In a study about self-efficacy in relation to Hofstede’s (1980)
dimension of individualism and collectivism, Oettgen (1995) demonstrated
that culture does have influence over self-efficacy. For Hofstede
(1980, 1994) individual cultures, represented in the Western universe,
reinforce and accept personal achievement and competition. While
Eastern cultures favor collectivism, emphasizing cooperation and
agreement between people, personal achievement and competition is
suppressed. Oettgen realizes that the degree to which a culture
promotes dependence on the collective effects one’s own and
the group’s perception of self-efficacy, which means, setting
goals and striving for their attainment, the degree of satisfaction
with personal and group achievement. Ultimately, efficacy is to
be analyzed in a cultural context.
Bandura (2003) points that a high belief in efficacy is equally
important to group directedness as to self-directness.

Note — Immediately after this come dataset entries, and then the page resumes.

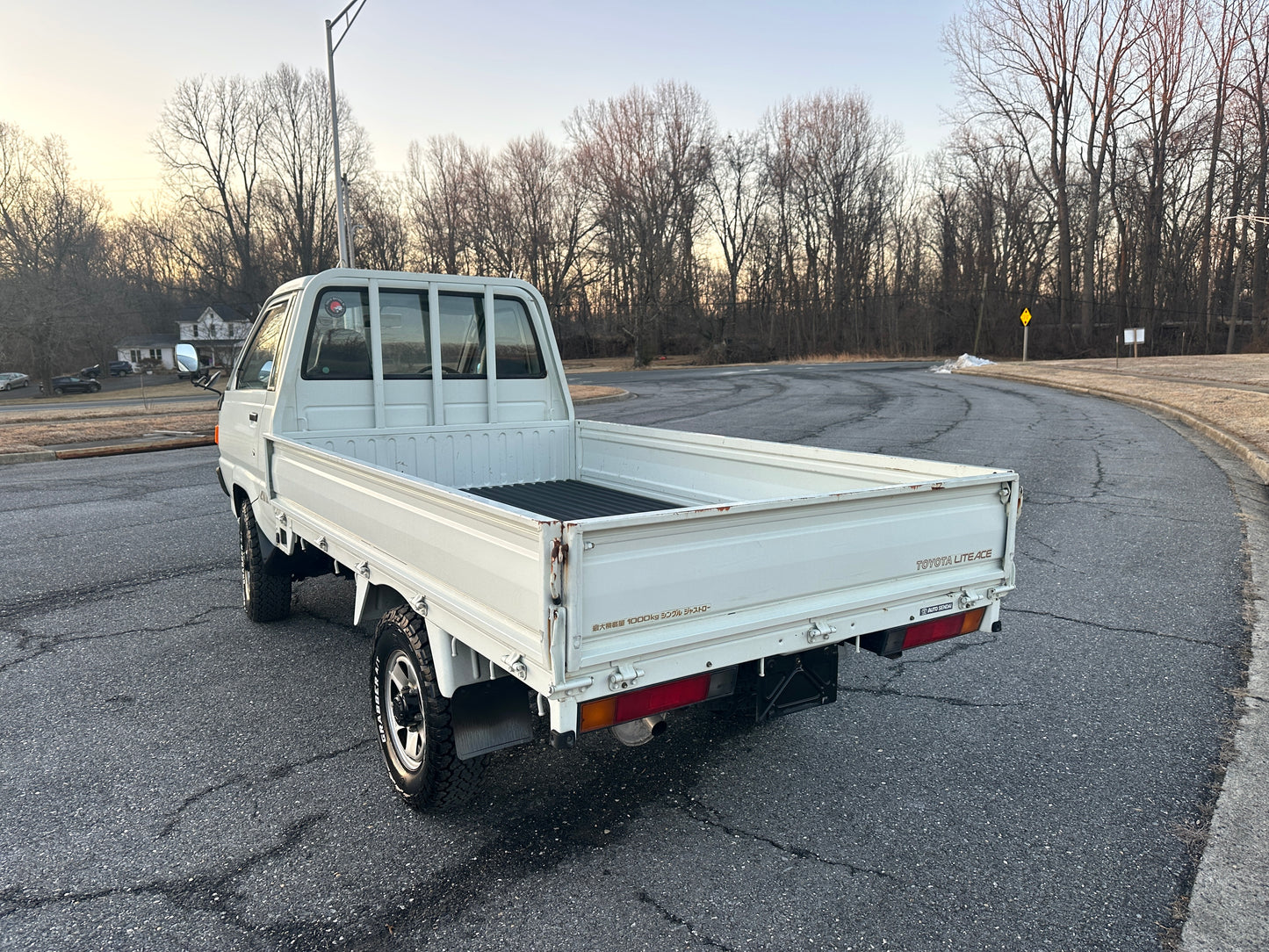 1996 TOYOTA LITEACE YM65 - 4WD - 10,931 Miles - LONG BED VERSION - AIR CONDITIONING — LOT#729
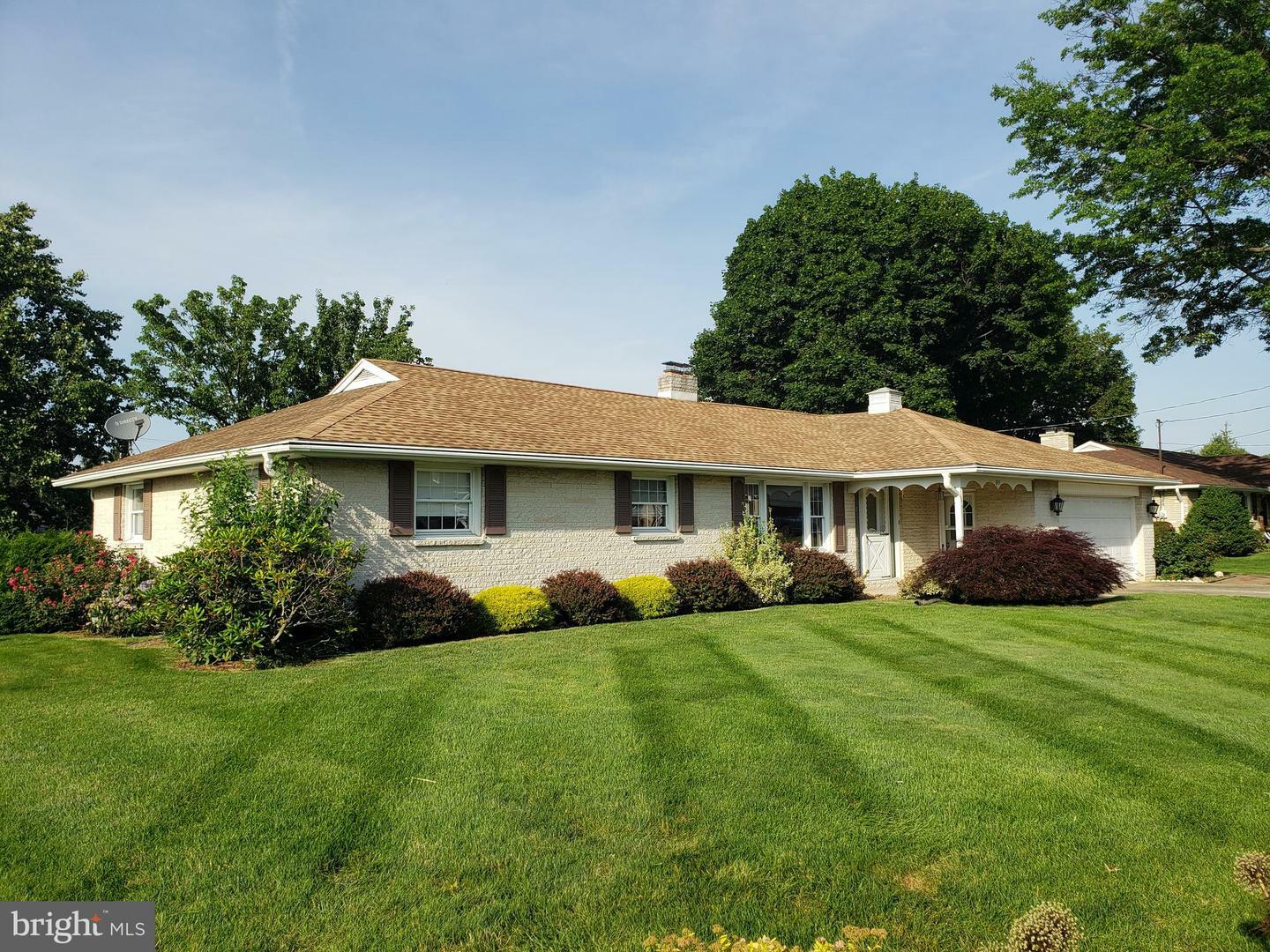 841 Sunlight Drive  York PA 17402 photo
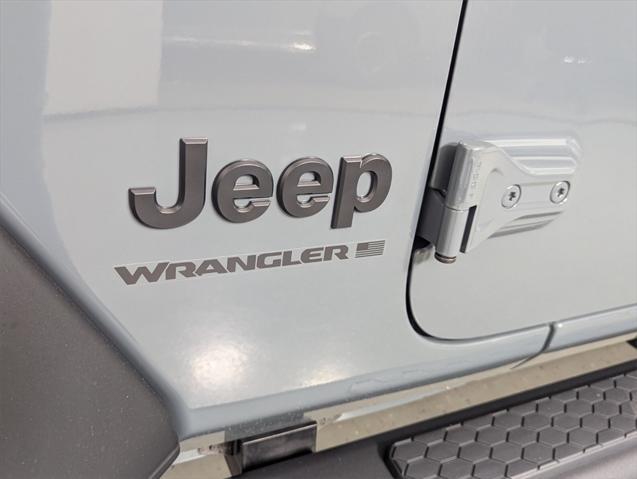 new 2025 Jeep Wrangler car, priced at $45,920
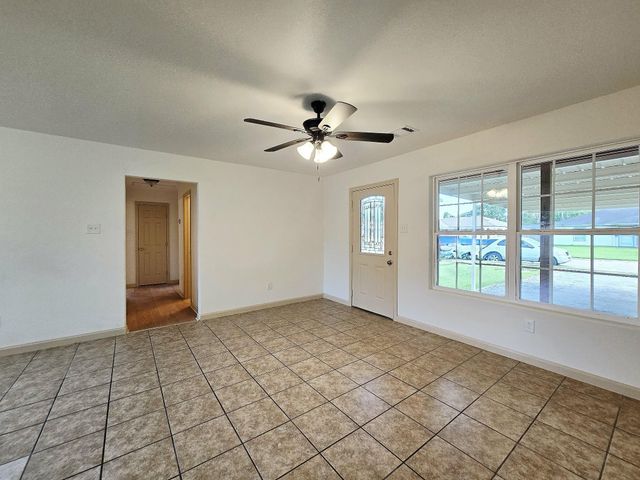 1111 Belshire Road, Pasadena, TX 77502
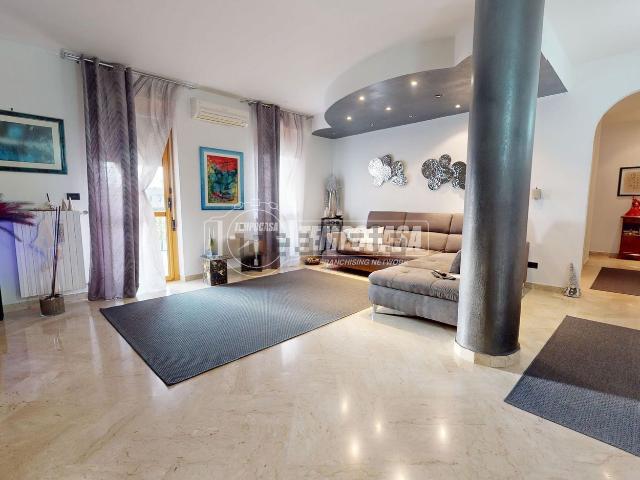 Appartamento in vendita di 102 m² in Strada Lama del Duca
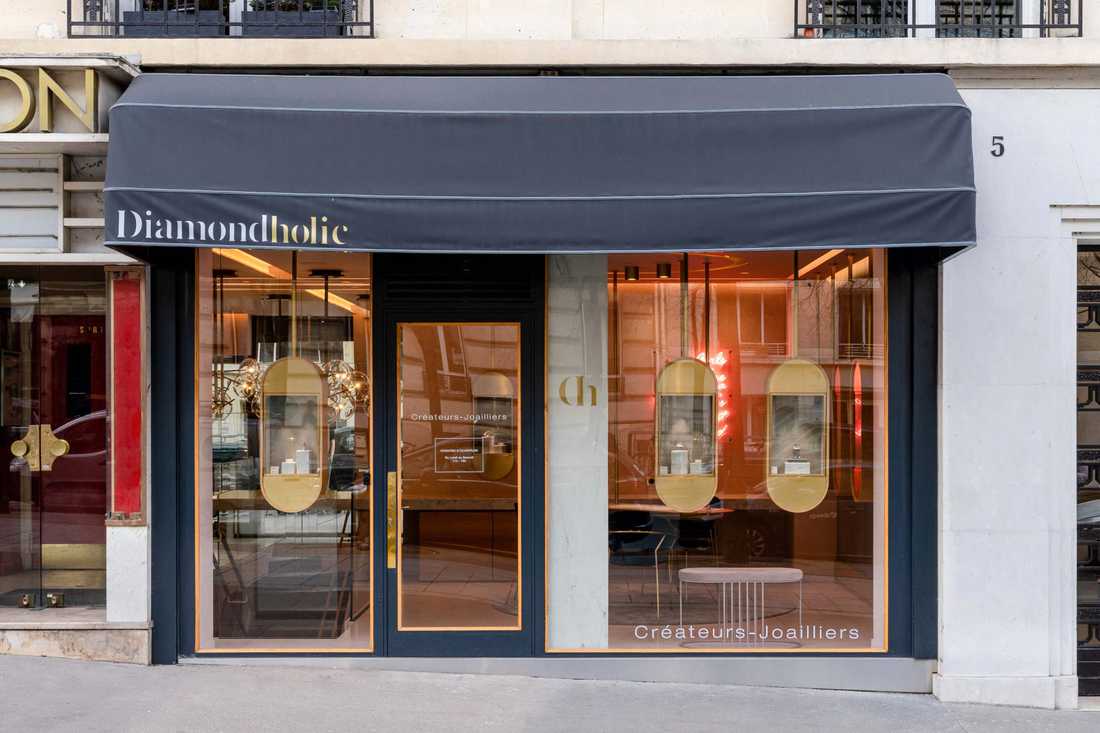 Vitrine de la bijoueterie aménagée par un architecte d'intérieur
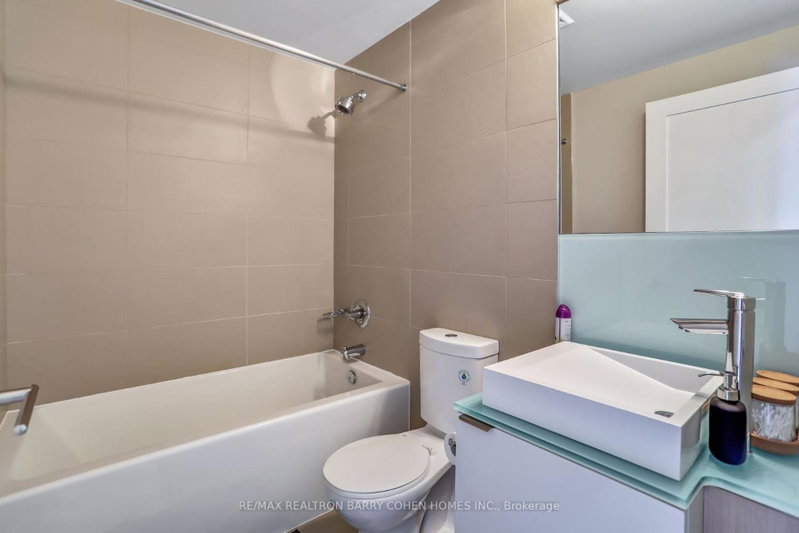 Downtown suites with Free Parking, Toronto, Canada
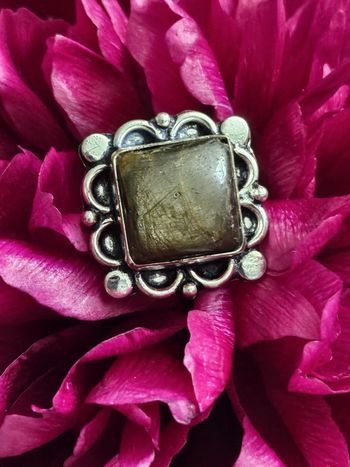 Bague texturee en argent sterling 925 avec pierre hypersthene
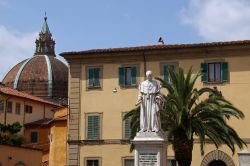 Statua in piazza dello Spirito Santo a Pistoia, Toscana - Un suggestivo scorcio panoramico con la cupola del Vasari e la statua in marmo ospitata in piazza dello Spirito Santo a Pistoia © ...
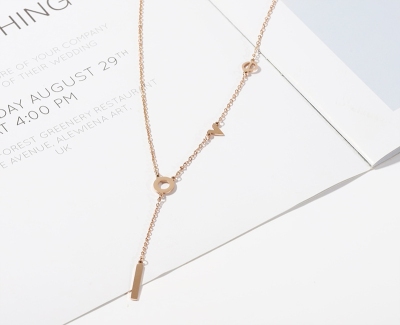Korean letter rose gold necklace titanium Steel Stylish temperament manageable short collarbone necklace female fashion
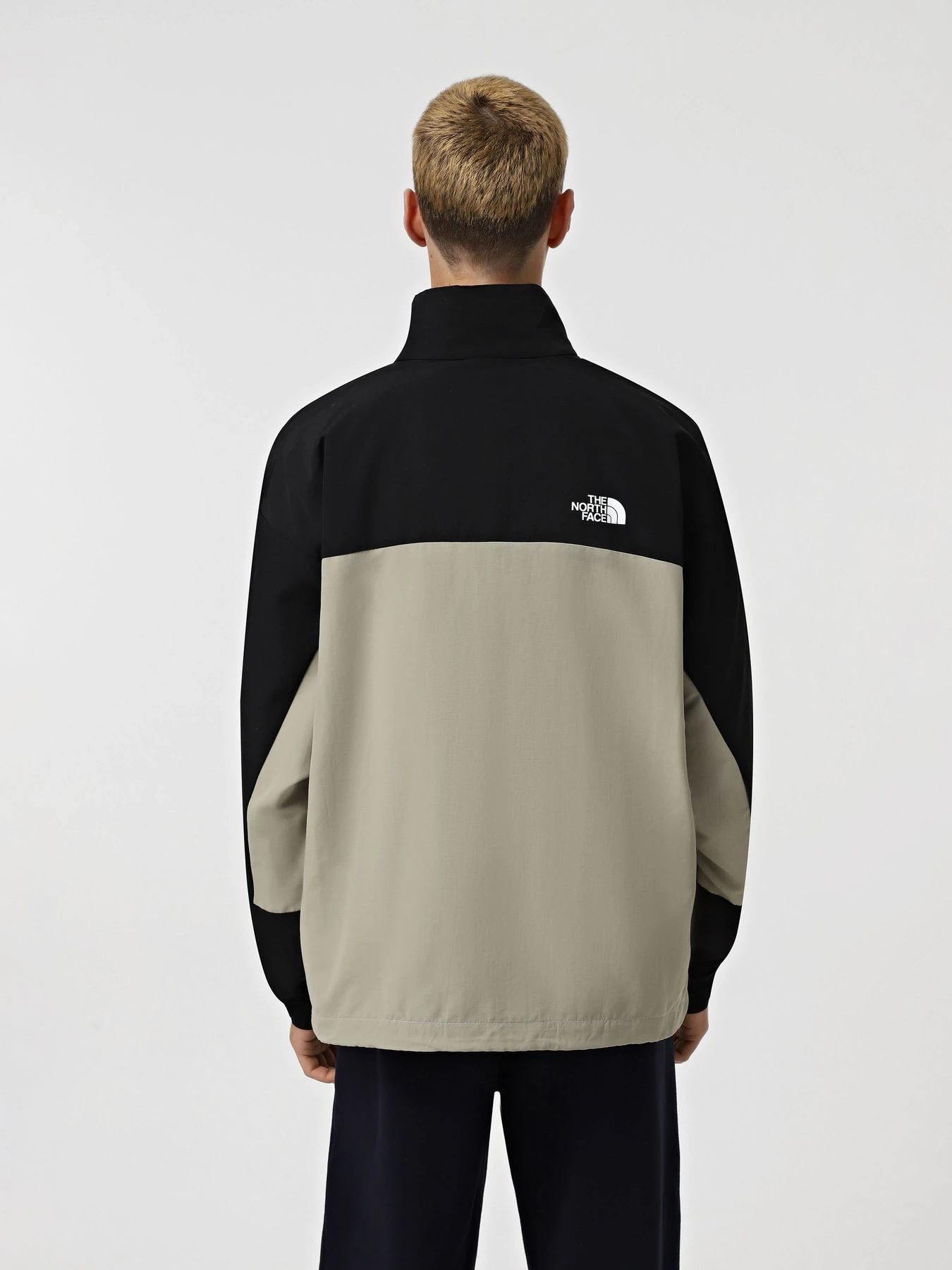 Куртки та дублянки The North Face Himalayan Track модель NF0A88XW5IF1 Фото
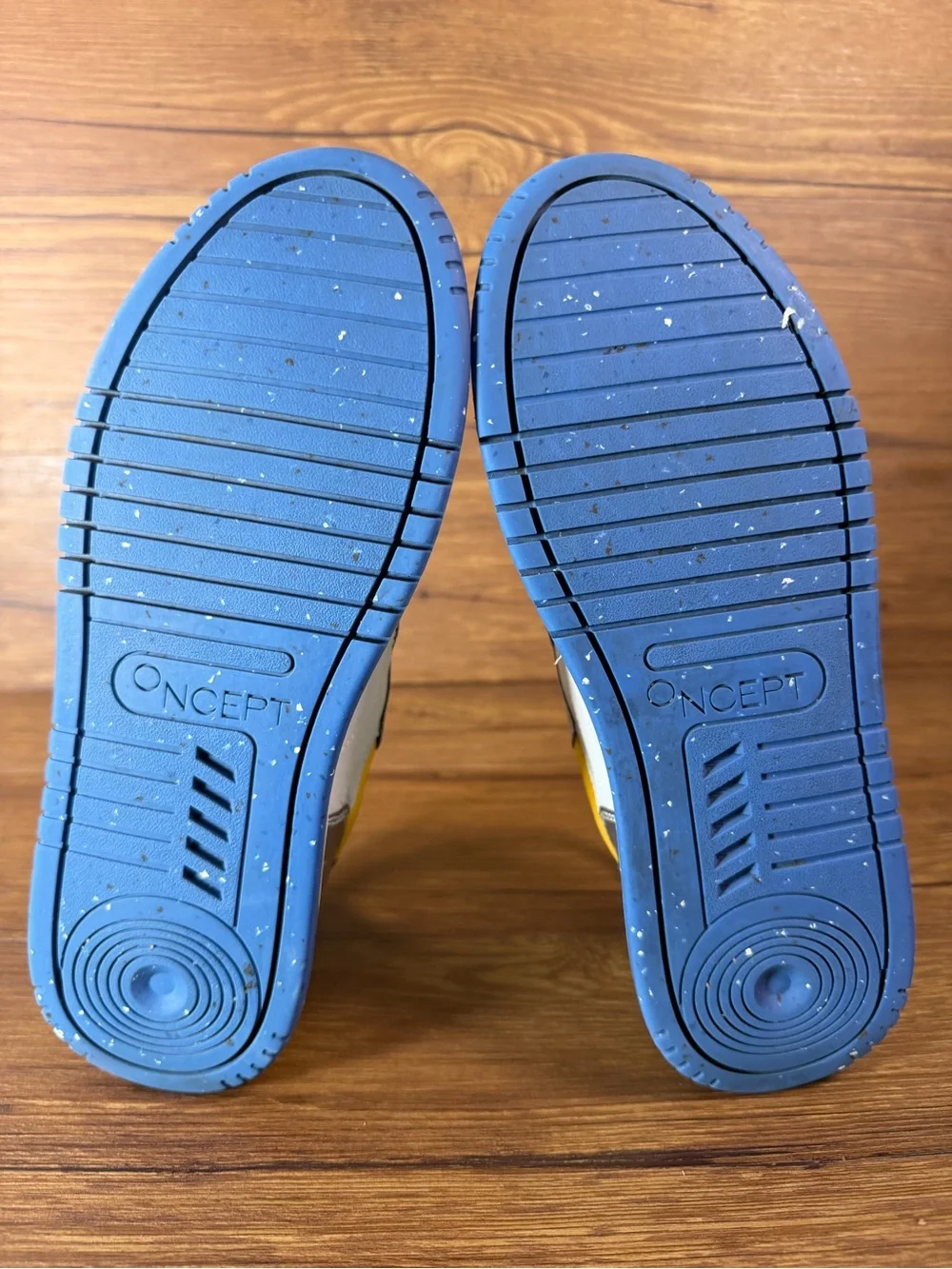 Oncept Phoenix Sneaker Leather Shoes Women’s‎ Size 6.5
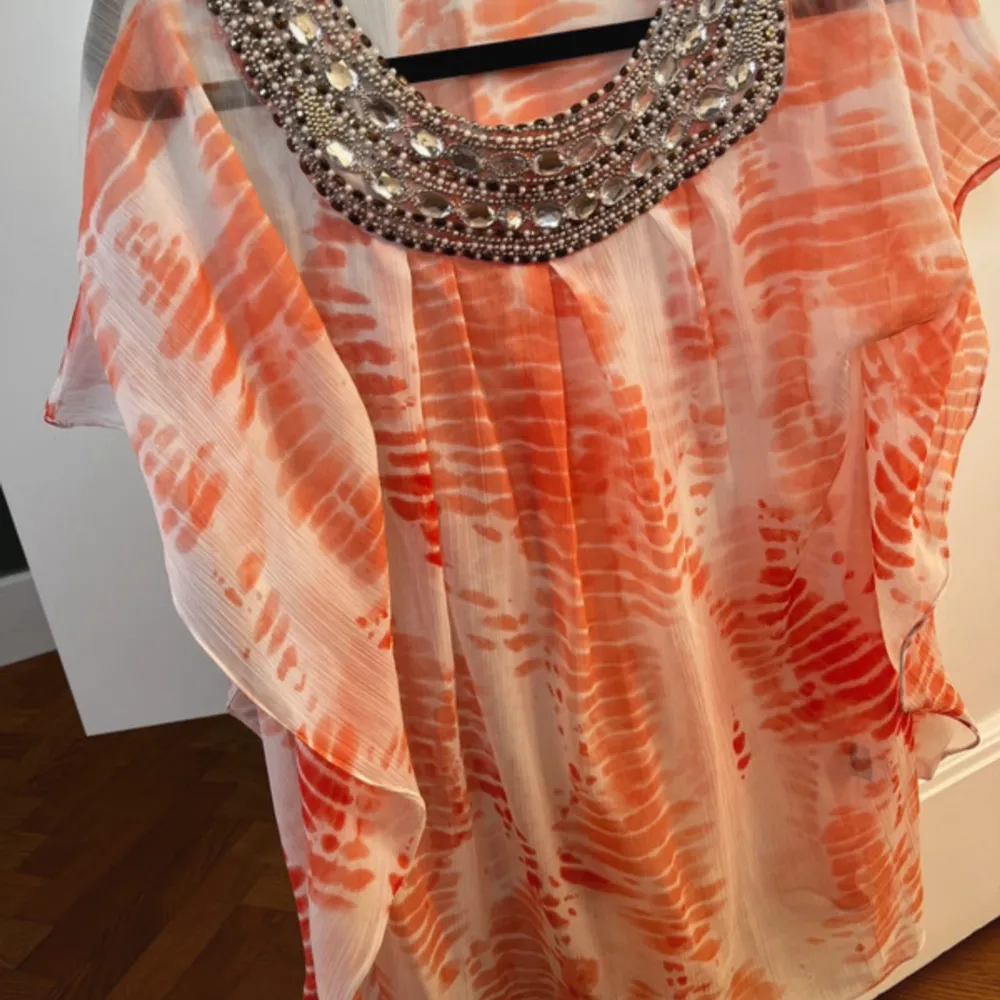 A beautiful see-through dress to be worn on top of swimwear or body . With beautiful rhinestones. Super light and cool. Size S/M. Klänningar.
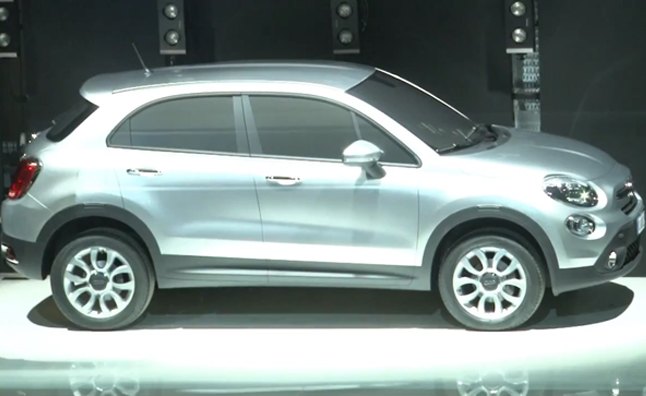 Fiat 500X Crossover Previewed at 500L Launch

He stresses
the differences that exist among cultures, calling attention to
the fact that in individualistic cultures there are also collective
oriented individuals. Bandura cites as an example, that to lump
such different cultures as Cubans, Puerto Ricans, Chicanos, and
Spaniards into a Latino category, establishes homogeneity on intra-ethnic
diversity. Therefore, cultural diversity may generate “a lot
of misleading generalizations” when comparing members of a
single individualist culture with members of a collective culture.
Furthermore, he argues that there is a “contentious dualism”
in the cross-culture field, characterized by autonomous versus interdependent,
personal agency against social structure, and individualism against
collectivism. Under this light, he considers it erroneous to equate
self- efficacy with individualism, against collectivism. As Bandura
Perceived efficacy does not come with a built-in individualistic
value system. Therefore a sense of efficacy does not necessarily
spawn an individualistic life style, identity or morality. If belief
in the power to produce effects is put to social purposes, it fosters
a communal life, rather than erodes it. People with resilient efficacy
and strong pro-social purposes often subordinate self-interest to
the benefit of others.
Social learning/cognitive theory is widely utilized as a framework
for various studies in diverse fields such as health care, psychology,
communications, organizational management, physical education, etc.
Studying the role of children’s television in race stereotyping,
Graves (1999) concludes that through vicarious experience, televised
role portrayals of race and race interactions contribute to the
development of stereotype, prejudice, and discrimination among children.
On the other hand, programs like Sesame Street have a positive influence
on children’s racial knowledge, attitudes and preferences.
In a recent content analysis study examining the ethnic/minority
portrayal in television advertisement, social cognitive theory is
utilized as a framework to help understand their impact on possible
audience self-perception (Mastro & Stern 2003).